Jim and Ann Mclearen were huddled in a downstairs bathroom Sunday as the storm raged outside their Wheaton home on the 1300 block of Irving Avenue near Hawthorne Elementary School.

Then they heard the crash.

“It sounded like an explosion, a big boom and glass shattering and splintering of wood,” Ann Mclearen said Monday.

The culprit was a large limb that was ripped off a honey locust tree in their backyard and crashed into the second floor of their home where, just a week earlier, relatives had been staying in the bedrooms for their son’s wedding shower.

“Thank God nobody got hurt,” Jim Mclearen said. “That was the first thing that came out of our mouths.”

On Monday, a crane crew was parked in their driveway removing the fallen limbs. The couple are staying in a hotel while others determine the financial toll.

“The feeling in your heart is you’ve worked so hard for this and for it to be taken so fast is disconcerting,” Ann Mclearen said with tear-filled eyes.

But she applauded their neighbors’ support. After the storm, one offered food from a catered birthday party that was canceled. “We have the best block in Wheaton,” Ann Mclearen said.

Those kinds of stories were playing out over much of DuPage County Tuesday as residents and officials struggled to clean up after Sunday’s vicious storm.

In West Chicago, neighbors gathered on the 400 block of Highland Avenue to watch crews remove two 100-year-old trees that fell on a house. One ripped open the right side of the building on the second floor, and the other punctured the top of the roof on the left side.

Neighbors say the family was home at the time of Sunday’s storm, but everyone had taken cover in the basement. No one was hurt.

Ben Stibel, 16, who lives next door, was on his family’s patio removing deck chairs when he saw the trees coming down.

“It was kind of like a domino effect.

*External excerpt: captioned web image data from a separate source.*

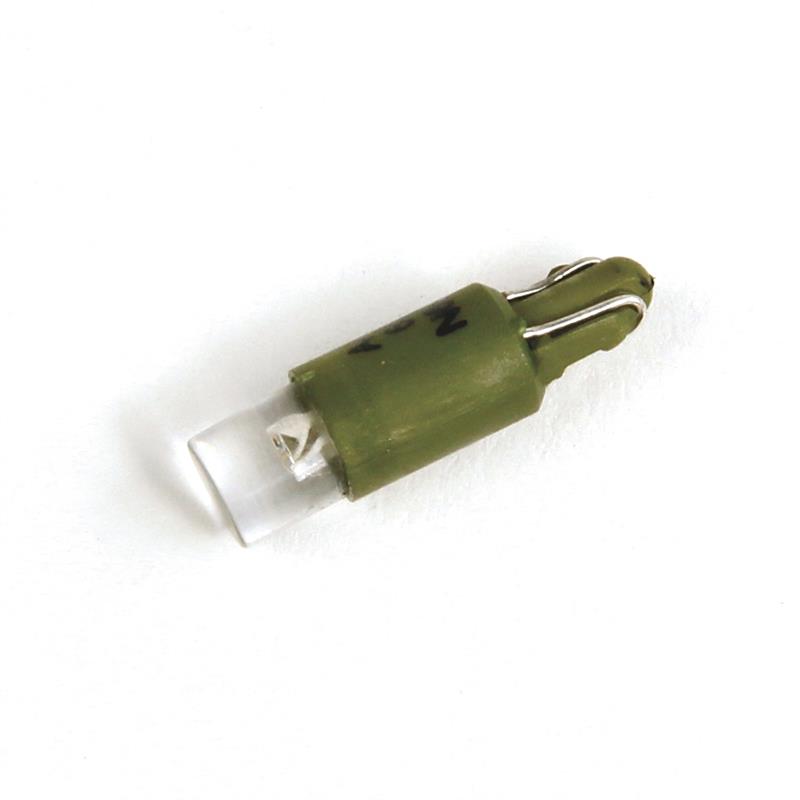 Allen Bradley 800T-N60G 30mm Replacement LED Lamp 800T PB Turkiye
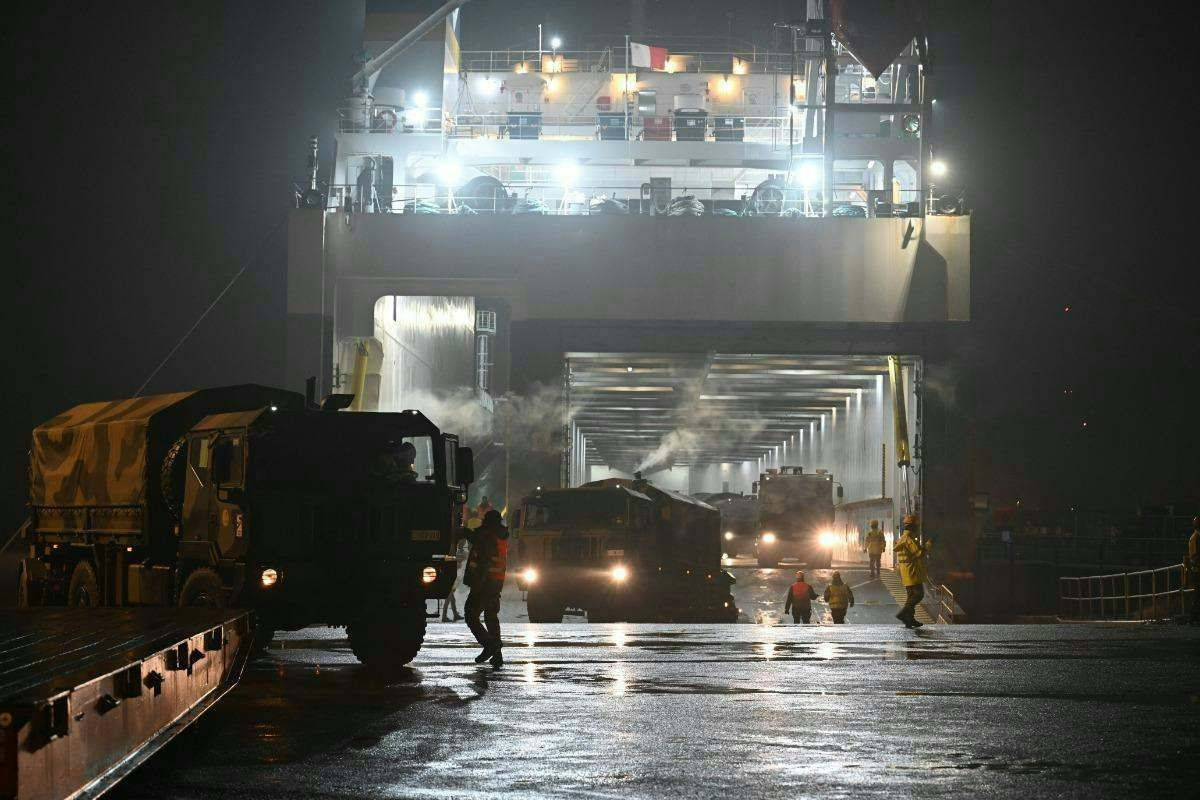 260115 Dsc 1298 I5G L91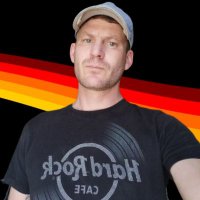 Niko Karl ❎✌️💙 (@nikokarl1) Twitter profile photo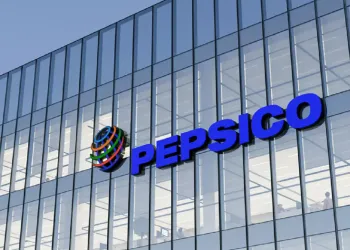 EPSICO: está ofertando 134 VAGAS de emprego Home Office, Híbridas e presencias; Confira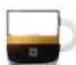 DELONGHI Nespresso Vertuo Pop - ΣΥΜΒΑΤΟΤΗΤΑ ΑΞΕΣΟΥΑΡ - 2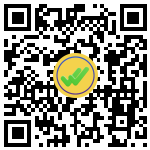 QR profil Pro Motion Events Bali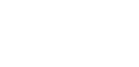 Total Vision Rancho Santa Margarita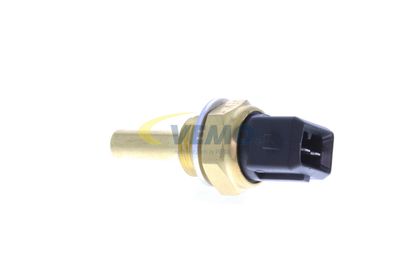 SENZOR TEMPERATURA LICHID DE RACIRE VEMO V20720444 31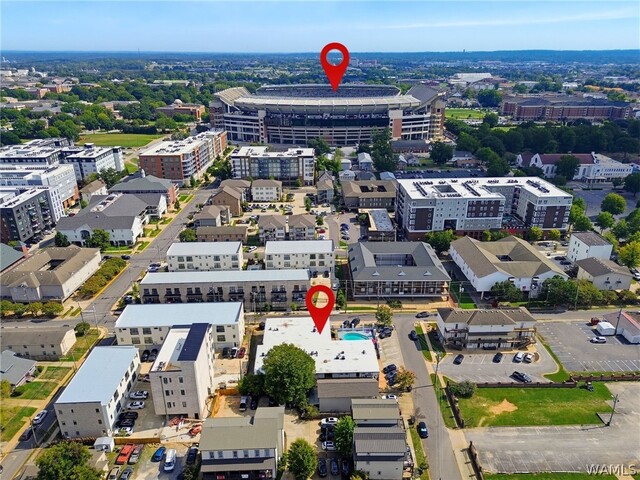 Property MLS#178059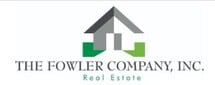 The Fowler Company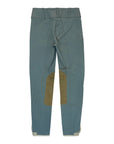 Tailored Sportsman Trophy Hunter Breeches in Light Blue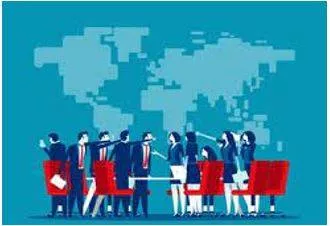 Imposition - To make a law, rule, opinion, etc. be accepted by using your power or authority.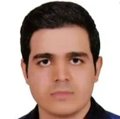 دکتر محسن فیروزی پاریزی متخصص اورولوژی (جراحی کلیه و مجاری ادراری)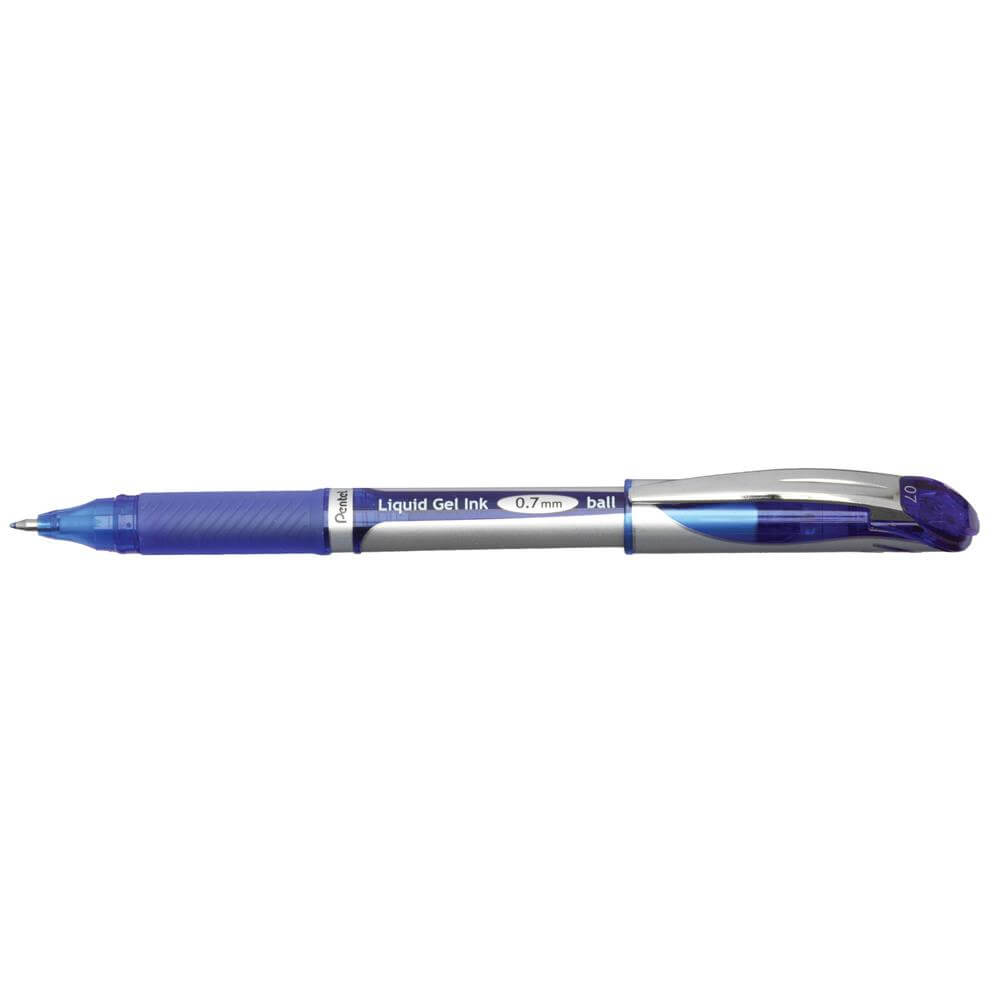 Pentel EnerGel Xm 0.7mm Pen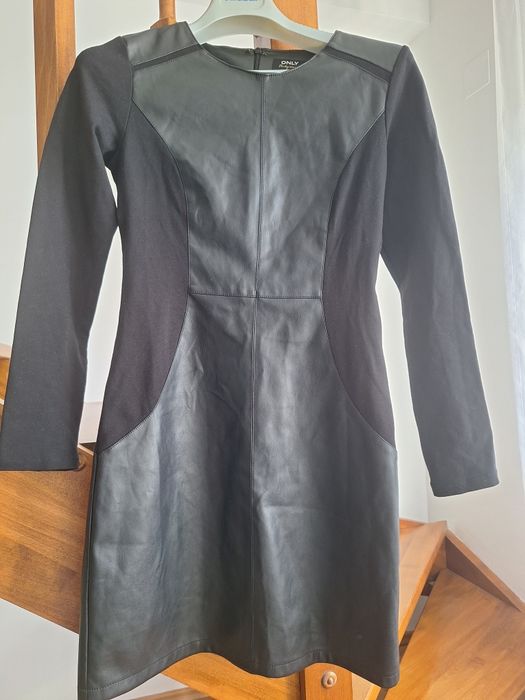 Rochie elegantă casual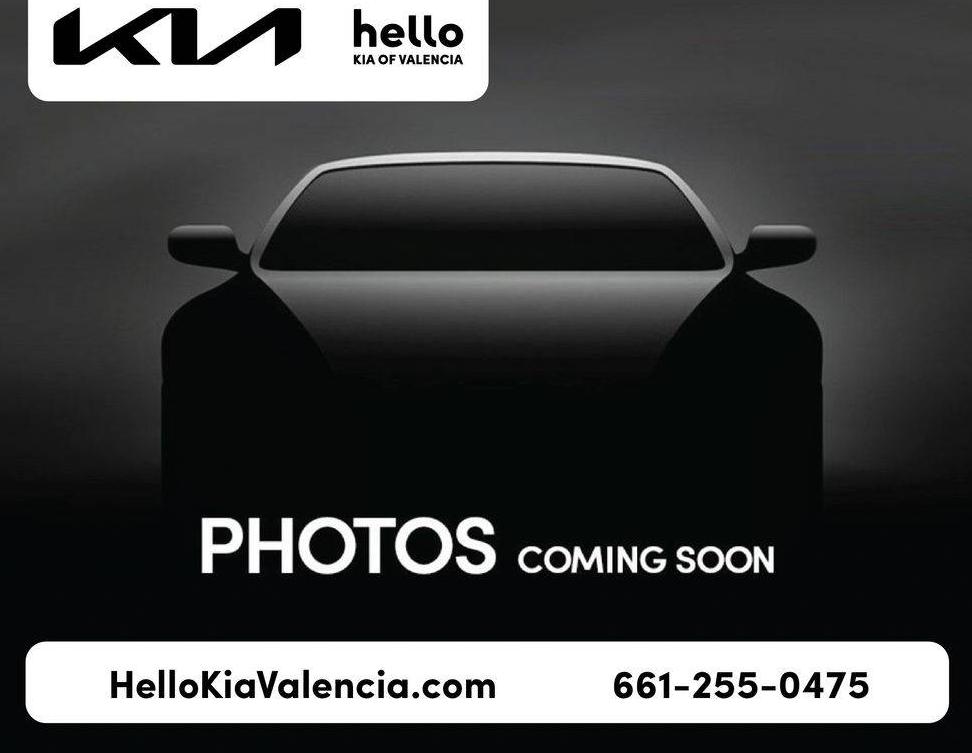 KIA SORENTO 2011 5XYKT4A15BG168924 image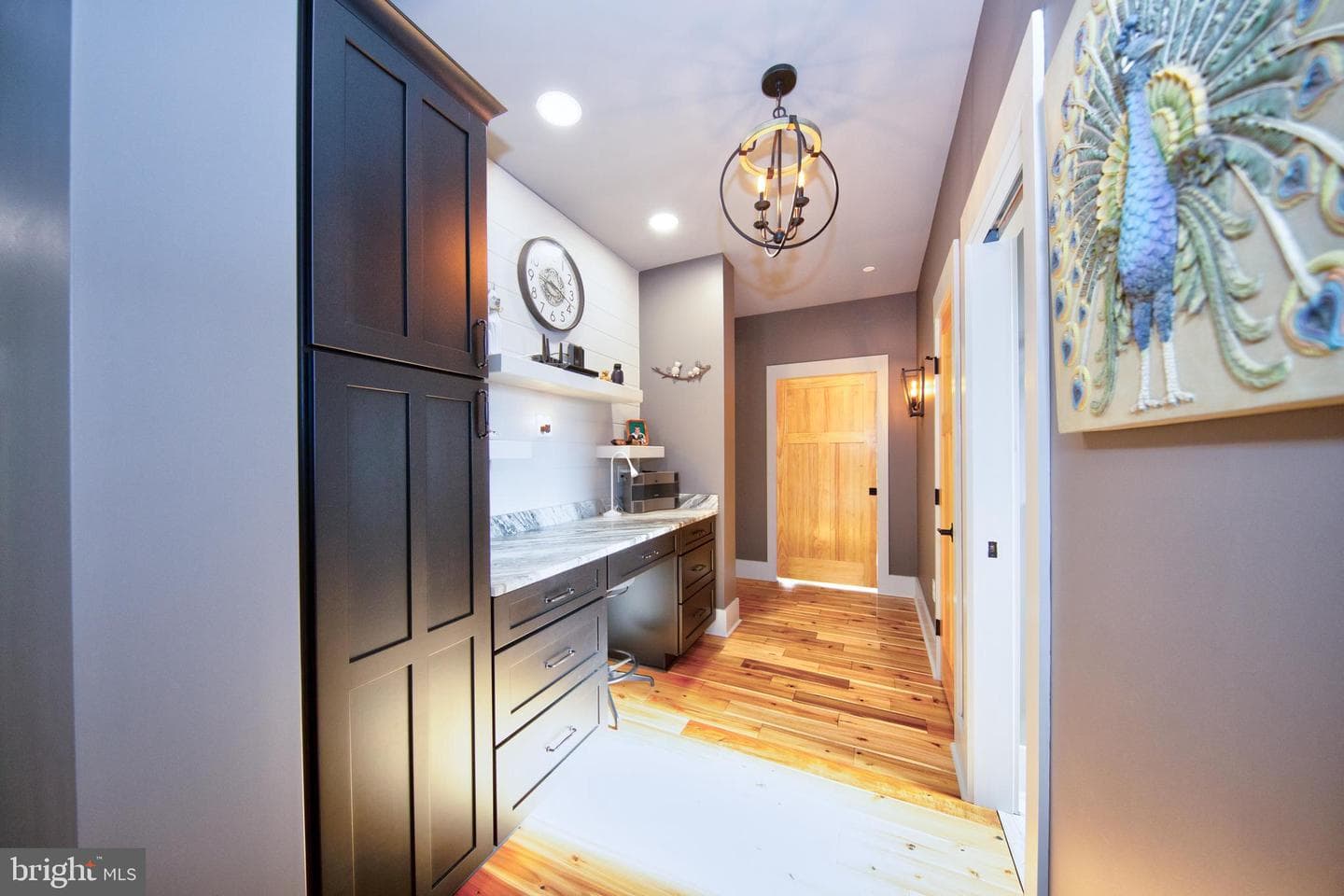 106 Plum Creek Road photo 39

It was one tree after another,” he said.

His dad, Jeff, said the neighborhood has had bad storms before, but nothing like Sunday’s.

As a result of the neighborhood’s “temperamental electricity,” several residents on the block are prepared with generators, Jeff Stibel said.

“I think everyone around here has learned we need them,” he said.

A block away, two limbs from a 17-inch diameter tree fell in Sharon Plante’s front yard and walkway to her porch — crisscrossing each other and completely sparing her house of any damage.

She was home Sunday afternoon when the winds were whipping through the neighborhood. Her husband had gone out to walk the dog and once the power went out, she got in her car to go find him.

He had just made it around the block. She rolled down her window and said, “(Let’s) hit the basement.”

“It was a little scary,” she said.

And there they waited until the worst of the storm was over.

“We were safe. We’re thankful nobody was hurt,” she said.